People with Type 2 diabetes may find that a combination of aerobics and resistance… (Los Angeles Times )
Yet more support for the combination of aerobic and resistance training exercise: A new study released Tuesday in the Journal of the American Medical Assn. finds that combining the two was good for blood sugar levels in people with Type 2 diabetes, more than those who did not exercise or who did just aerobics or resistance training.
The study participants were made up of 262 sedentary men and women who had Type 2 diabetes and hemoglobin A1C levels of at least 6.5%. A1C levels are a measure of blood glucose over a two- to three-month period, and 4% to 6% is considered a normal range.
The men and women, average age about 56, were divided into three groups for the nine-month study: one that did resistance training, one that did aerobic training, one that did both, and a control group that did not do any exercise. Those in the exercise groups worked out for about 140 minutes per week.

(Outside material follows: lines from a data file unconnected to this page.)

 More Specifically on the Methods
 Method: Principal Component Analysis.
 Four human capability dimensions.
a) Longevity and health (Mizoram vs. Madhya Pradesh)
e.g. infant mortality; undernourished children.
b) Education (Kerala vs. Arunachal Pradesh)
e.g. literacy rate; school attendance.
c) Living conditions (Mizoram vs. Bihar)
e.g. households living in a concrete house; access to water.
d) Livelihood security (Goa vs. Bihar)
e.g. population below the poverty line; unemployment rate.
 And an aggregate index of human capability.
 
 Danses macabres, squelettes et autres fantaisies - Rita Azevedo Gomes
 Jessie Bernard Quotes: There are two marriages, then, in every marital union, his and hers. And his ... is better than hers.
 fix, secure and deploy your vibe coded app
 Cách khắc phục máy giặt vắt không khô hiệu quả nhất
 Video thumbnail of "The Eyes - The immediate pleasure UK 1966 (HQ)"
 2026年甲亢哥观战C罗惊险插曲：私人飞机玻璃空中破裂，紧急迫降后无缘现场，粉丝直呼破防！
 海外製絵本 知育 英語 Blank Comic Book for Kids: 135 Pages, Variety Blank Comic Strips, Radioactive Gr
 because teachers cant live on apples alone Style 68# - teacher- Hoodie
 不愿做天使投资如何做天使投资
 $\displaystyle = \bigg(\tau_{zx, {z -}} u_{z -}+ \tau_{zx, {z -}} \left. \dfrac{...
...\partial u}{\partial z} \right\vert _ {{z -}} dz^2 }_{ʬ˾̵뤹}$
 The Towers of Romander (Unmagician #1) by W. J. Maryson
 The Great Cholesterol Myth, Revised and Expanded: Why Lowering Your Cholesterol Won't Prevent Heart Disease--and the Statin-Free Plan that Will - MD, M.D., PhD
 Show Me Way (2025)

The combination exercise group lowered its hemoglobin A1C levels minus 0.34% compared with the control group. The resistance and aerobic training groups showed less significant change; minus 0.16% and minus 0.24% respectively, compared with controls. Those in the combination group also lowered their hypoglycemic medications more than the other groups. Even small decreases in A1C levels may result in health risk reductions.
The participants in the combination exercise group showed even more improvements: They had the greatest increases in peak oxygen intake (a measure of fitness) and lost the most weight, compared with controls.
"Despite a population with many medical concerns," wrote the authors, "we obtained good exercise adherence and a low dropout rate. Furthermore, the exercise prescriptions performed are easily obtainable and well tolerated by individuals with diabetes, which has important implications for refining future physical activity recommendations."